From foxbusiness.com:
Gene Kessler, 67, may be the new face of mortgage default. The tech industry retiree is in the process of walking away from the home he purchased for $166,000 in 2004 in a small town 75 miles southwest of Minneapolis.
Its value has plummeted to $111,000, wiping out Kessler’s $45,000 down payment and leaving him with a mortgage that’s more than the home is worth. He stopped paying the loan six months ago, and estimates he’ll have to vacate by March 2012.
But Kessler isn’t in financial trouble, and he could afford the monthly payments. He has no other debts and two pensions from former employers, as well as Social Security. He also has a woodworking hobby, and runs a small business selling the artisan lamps he makes in galleries. He’s single now, and his two children are grown and gone.
“I was looking for a way to get back to a larger city, and this was the only way I could get out of this house,” says Kessler, who paid $800 to YouWalkAway.com to help guide him through the process known as strategic default. He’s anticipating a move to a warmer climate and a more active art and dating scene in Santa Fe, N.M.
There’s no data on the demographics or financial histories of the people receiving recent default notices. But among them are some homeowners who have never defaulted on a loan before, at least according to one poll. YouWalkAway.com surveyed several hundred of its clients earlier this year, and just 23% said they had previously shirked a financial obligation.
“The people we are now seeing are nearing retirement age, who never missed a payment on anything in their lives,” says Jon Maddux, co-founder and CEO of the Carlsbad, Calif., firm. “They are trapped. They can’t sell or get a modification and they need to downsize or move for a job.”
Attitudes toward default have also shifted, Maddux says. “Back in 2008 people were very emotional, very scared, in disbelief or denial,” he says. “Now they are simply fed up. It’s a very calculated, black-and-white business decision. People feel very relieved.”
A more widespread understanding of the consequences of default may be a factor, says Brent White, a University of Arizona law professor and author of Underwater Home.
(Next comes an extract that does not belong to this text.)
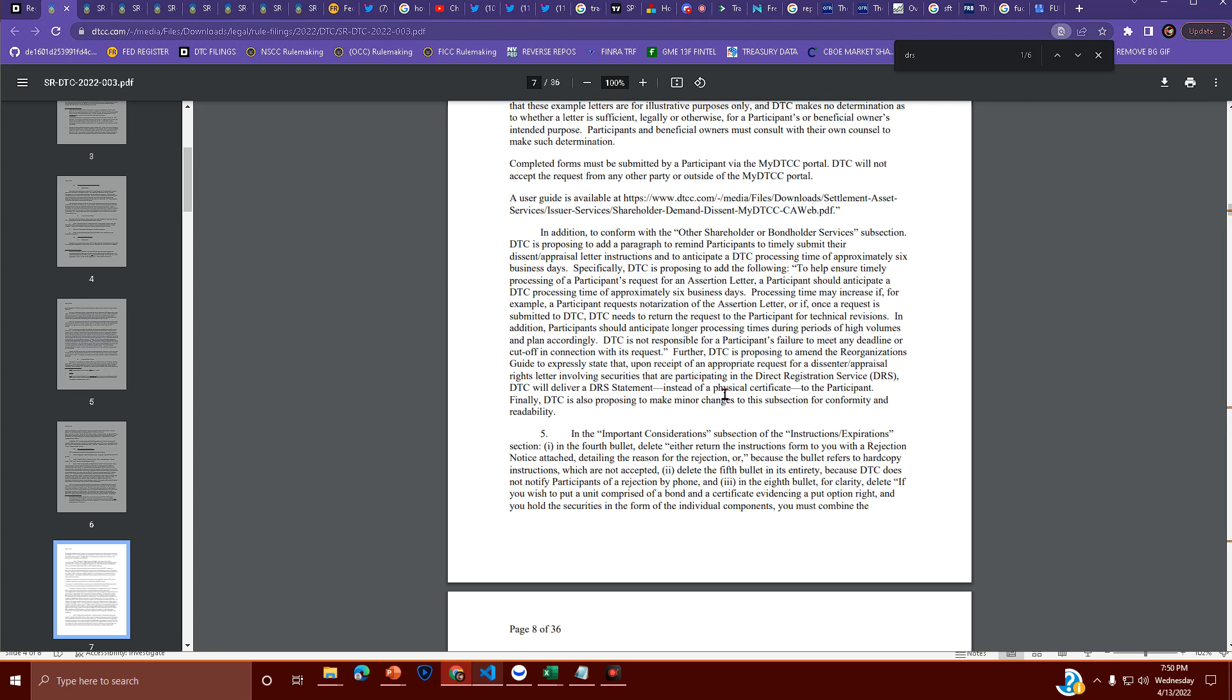so they're proposing to amend the reorganization's guide to expressly state that upon the receipt of an appropriate request for a dissenter slash appraisal rights letter involving securities that are participating in the DRS system, DTC will deliver a DRS statement instead of a physical certificate. Because remember, you gave that up.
“The conventional wisdom is you are ruined and are not going to recover,” says White, who wrote a widely circulated discussion paper on the topic. But in so-called “non-recourse” states such as California, the bank can only foreclose on the property and resell it. If the price is less than the amount owed on the mortgage, the lender can’t sue the homeowner to recoup the shortfall, says White.
White says underwater homeowners should figure out if they are paying substantially more to own a house on a monthly basis than they would pay to rent a similar property. “Even if you are thousands of dollars underwater, if you are paying the same as you would to rent, you don’t gain that much financially by defaulting,” he says. (The survey by YouWalkAway.com found a quarter of respondents saved 50% or more on housing expenses when they rented after their default.)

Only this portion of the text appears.